TÜBİTAK Marmara Research Center, Life Sciences, Food Innovation Technologies Research Group, Gebze, Kocaeli, Türkiye.
Faculty of Engineering, Food Engineering Department, Yıldız Technical University, Istanbul, Türkiye.
J Food Sci. 2024 Aug;89(8):4806-4822. doi: 10.1111/1750-3841.17214. Epub 2024 Jul 16.

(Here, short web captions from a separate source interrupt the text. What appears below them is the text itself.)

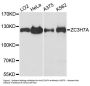 Anti-ZC3H7A Antibody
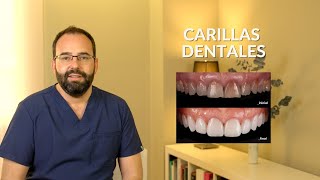 CARILLAS DE PORCELANA O DE COMPOSITE: ¿Cuáles elegir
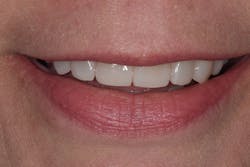 1905desan P14 1905desan P14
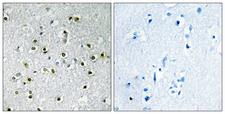 TFE3 Antibody - Peptide - + Immunohistochemistry analysis of paraffin-embedded human brain tissue using TFE3 antibody.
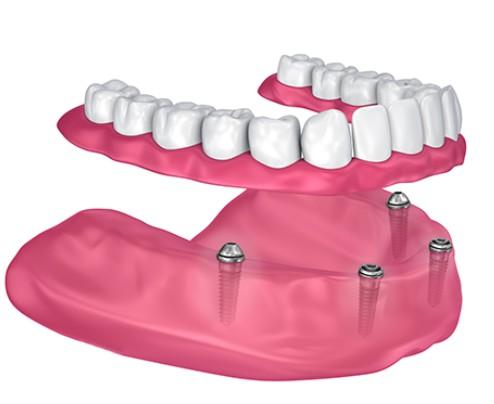 teethxpress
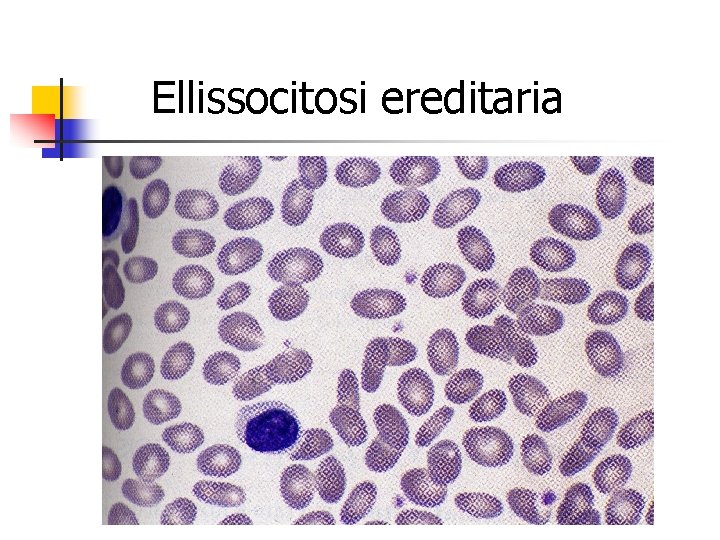 Ellissocitosi ereditaria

Turkey is the leading producer of hazelnuts, contributing to 62% of the total global production. Among 18 distinct local hazelnut cultivars, Giresun Tombul is the only cultivar that has received Protected Designation of Origin denomination from the European Comission (EC). However, there is currently no practical objective method to ensure its geographic origin. Therefore, in this study NIR and Raman spectroscopy, along with chemometric methods, such as principal component analysis, PLS-DA (partial least squares-discriminant analysis), and SVM-C (support vector machine-classification), were used to determine the geographical origin of the Giresun Tombul hazelnut cultivar. For this purpose, samples from unique 118 orchards were collected from eight different regions in Turkey during the 2021 and 2022 growing seasons. NIR and Raman spectra were obtained from both the shell and kernel of each sample. The results indicated that hazelnut samples exhibited distinct grouping tendencies based on growing season regardless of the spectroscopic technique and sample type (shell or kernel). Spectral information obtained from hazelnut shells demonstrated higher discriminative power concerning geographical origin compared to that obtained from hazelnut kernels. The PLS-DA models utilizing FT-NIR (Fourier transform near-infrared) and Raman spectra for hazelnut shells achieved validation accuracies of 81.7% and 88.3%, respectively, while SVM-C models yielded accuracies of 90.9% and 86.3%. It was concluded that the lignocellulosic composition of hazelnut shells, indicative of their geographic origin, can be accurately assessed using FT-NIR and Raman spectroscopy, providing a nondestructive, rapid, and user-friendly method for identifying the geographical origin of Giresun Tombul hazelnuts. PRACTICAL APPLICATION: The proposed spectroscopic methods offer a rapid and nondestructive means for hazelnut value chain actors to verify the geographic origin of Giresun Tombul hazelnuts. This could definitely enhance consumer trust by ensuring product authenticity and potentially help in preventing fraud within the hazelnut market. In addition, these methods can also be used as a reference for future studies targeting the authentication of other shelled nuts.
土耳其是榛子的主要生产国,其榛子产量占全球总产量的 62%。在 18 个不同的当地榛子品种中,吉雷松·图布尔是唯一获得欧盟委员会(EC)原产地保护名称的品种。然而,目前还没有实际可行的客观方法来确保其地理来源。因此,在这项研究中,我们使用近红外(NIR)和拉曼光谱以及化学计量学方法,如主成分分析(PCA)、偏最小二乘判别分析(PLS-DA)和支持向量机分类(SVM-C),来确定吉雷松·图布尔榛子品种的地理来源。为此,在 2021 年和 2022 年生长季节,我们从土耳其八个不同地区的 118 个独特果园中采集了样本。我们从每个样本的壳和仁中获取了 NIR 和拉曼光谱。结果表明,无论使用哪种光谱技术和样本类型(壳或仁),榛子样本都表现出明显的基于生长季节的分组趋势。与榛子仁相比,榛子壳获得的光谱信息对地理起源具有更高的区分能力。使用傅里叶变换近红外(FT-NIR)和拉曼光谱对榛子壳进行 PLS-DA 模型的验证准确率分别为 81.7%和 88.3%,而 SVM-C 模型的准确率分别为 90.9%和 86.3%。结论是,榛子壳的木质纤维素组成可以准确地反映其地理起源,使用 FT-NIR 和拉曼光谱可以对其进行评估,为鉴定吉雷松·图布尔榛子的地理起源提供了一种无损、快速和用户友好的方法。实际应用:所提出的光谱方法为榛子价值链中的参与者提供了一种快速、无损的方法来验证吉雷松·图布尔榛子的地理起源。这肯定会通过确保产品的真实性来增强消费者的信任,并有可能帮助防止榛子市场中的欺诈行为。此外,这些方法还可以作为未来针对其他带壳坚果进行认证的研究的参考。